Hace tiempo, escribí "La España ingobernable", un artículo que reflexionaba sobre el probable fracaso del multipartidismo. Hoy, cuatro años después, la hipótesis se mantiene en pie. Y se mantiene, queridísimos lectores, porque sin la abstención de Ciudadanos y sin el sillón que pide Podemos, es posible que volvamos a votar a mediados de noviembre. A pesar de que fuimos un país ejemplar en los tiempos postfranquistas. A pesar de que consensuamos la Constitución y los Pactos de la Moncloa, lo cierto y verdad es que las circunstancias del suarismo eran distintas a la Hispania del ahora. La mochila de cuarenta años de Nodo, de tricornios y sotanas todavía mandaba mucha romana en el sufrimiento colectivo. Un sufrimiento que pedía a gritos la lucha por el interés general, el Estado Democrático y la paz social. Una pelea que evitaba, a toda costa, el interés parcial, la dictadura y la crispación social.
Hoy, España se parece más a la Franja de Gaza que a los países escandinavos. Y se parece más, salvando las distancias, por la dificultad para llegar acuerdos, por las líneas rojas de los rivales y, por si fuera poco, por la frustración y nihilismo que sufren sus ciudadanos. Más allá del interés partidista, de las heridas de la Guerra Civil y del surco que ha supuesto tres décadas de turnismo y bipartidismo; las causas de esta parálisis se hallan en las propias reglas de juego. Son las reglas, maldita sea, las que impiden que el mejor jugador gane la partida. A diferencia de los ayuntamientos y diputaciones, en el Congreso mandan los síes por encima de los noes. La aritmética electoral se convierte en un juego de suma cero. Un juego, como les digo, donde la victoria electoral, siempre y cuando no sea absoluta, no es condición necesaria ni suficiente para gobernar. Así las cosas, el multipartidismo, tal y como está diseñado el tablero, se convierte en un obstáculo para la estabilidad y la gobernabilidad. Un obstáculo que no se salva con nuevas elecciones sino con un cambio legal.
Aunque volvamos a votar – escaño arriba, escaño abajo – el resultado estructural no cambiará. Y no cambiará, y disculpen por mi pesimismo, porque en este país cada partido lucha por su cuota de mercado. Y lucha, maldita sea, protegiendo su producto por encima de posibles alianzas y fórmulas de cooperación. Ante esta partidocracia, marcada por la cultura de la competitividad y la desconfianza, es muy complicado vehicular aritméticas basadas en el consenso y la durabilidad. Estamos, como diría Hobbes si viviera, ante una jungla de miedos y temores. Una jungla donde, tarde o temprano, la democracia enfermará.

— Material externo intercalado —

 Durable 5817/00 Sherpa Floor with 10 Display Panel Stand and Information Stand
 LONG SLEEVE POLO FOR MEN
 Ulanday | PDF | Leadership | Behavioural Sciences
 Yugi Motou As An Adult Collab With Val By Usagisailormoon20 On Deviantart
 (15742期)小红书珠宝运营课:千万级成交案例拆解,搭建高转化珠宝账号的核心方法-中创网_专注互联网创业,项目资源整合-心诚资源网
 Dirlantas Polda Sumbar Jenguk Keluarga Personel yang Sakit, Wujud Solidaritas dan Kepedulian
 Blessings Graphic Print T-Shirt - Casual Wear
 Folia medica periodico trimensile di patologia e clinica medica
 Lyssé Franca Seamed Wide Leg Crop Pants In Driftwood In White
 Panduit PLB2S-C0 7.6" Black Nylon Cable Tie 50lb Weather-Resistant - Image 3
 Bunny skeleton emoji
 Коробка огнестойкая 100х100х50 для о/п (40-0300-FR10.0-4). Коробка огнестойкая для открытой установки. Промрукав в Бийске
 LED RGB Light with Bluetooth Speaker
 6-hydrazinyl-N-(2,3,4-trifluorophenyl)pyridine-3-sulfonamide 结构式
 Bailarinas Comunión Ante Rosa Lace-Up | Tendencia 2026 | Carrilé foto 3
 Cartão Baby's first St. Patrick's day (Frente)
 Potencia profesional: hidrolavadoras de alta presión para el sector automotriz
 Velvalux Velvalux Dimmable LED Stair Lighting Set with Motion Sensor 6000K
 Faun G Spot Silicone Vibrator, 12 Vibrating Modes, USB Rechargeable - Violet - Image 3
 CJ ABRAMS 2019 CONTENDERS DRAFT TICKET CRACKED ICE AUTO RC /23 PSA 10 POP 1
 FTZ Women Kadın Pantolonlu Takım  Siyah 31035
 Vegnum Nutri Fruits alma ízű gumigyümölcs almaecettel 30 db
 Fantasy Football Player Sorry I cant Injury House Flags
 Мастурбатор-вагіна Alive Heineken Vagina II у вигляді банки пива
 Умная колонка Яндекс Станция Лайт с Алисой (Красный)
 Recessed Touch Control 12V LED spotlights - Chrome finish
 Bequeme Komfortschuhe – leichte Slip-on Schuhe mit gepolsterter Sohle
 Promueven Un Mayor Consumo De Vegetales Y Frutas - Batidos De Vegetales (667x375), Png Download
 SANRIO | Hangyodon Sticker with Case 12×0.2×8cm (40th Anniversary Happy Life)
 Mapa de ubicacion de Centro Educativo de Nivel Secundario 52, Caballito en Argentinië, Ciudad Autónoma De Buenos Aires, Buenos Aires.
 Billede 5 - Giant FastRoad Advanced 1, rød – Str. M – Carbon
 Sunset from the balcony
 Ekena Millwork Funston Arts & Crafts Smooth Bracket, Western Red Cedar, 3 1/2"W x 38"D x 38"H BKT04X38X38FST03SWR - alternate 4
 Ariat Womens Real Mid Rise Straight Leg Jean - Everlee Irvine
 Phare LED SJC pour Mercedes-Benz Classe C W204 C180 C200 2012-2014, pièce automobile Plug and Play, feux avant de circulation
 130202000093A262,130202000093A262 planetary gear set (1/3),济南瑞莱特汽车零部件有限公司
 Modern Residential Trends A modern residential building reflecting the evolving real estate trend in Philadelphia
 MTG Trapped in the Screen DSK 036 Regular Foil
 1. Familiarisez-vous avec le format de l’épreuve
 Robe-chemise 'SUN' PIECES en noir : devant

Y enfermará por el hartazgo social que supone, una y otra vez, volver a votar a cambio de nada. Este desgaste democrático alimenta el fantasma del nuevo populismo. Un nuevo populismo que probablemente pondrá voz al nihilismo social actual. Un nihilismo que se manifiesta en expresiones como: "los políticos no se entienden", "lo importante son los sillones" y "votar, ¿para qué?".
Carmen
/ 15 julio, 2019Tienes toda la razón amigo, es una verdadera vergüenza que no se pongan de acuerdo y la gente se cansará de votar.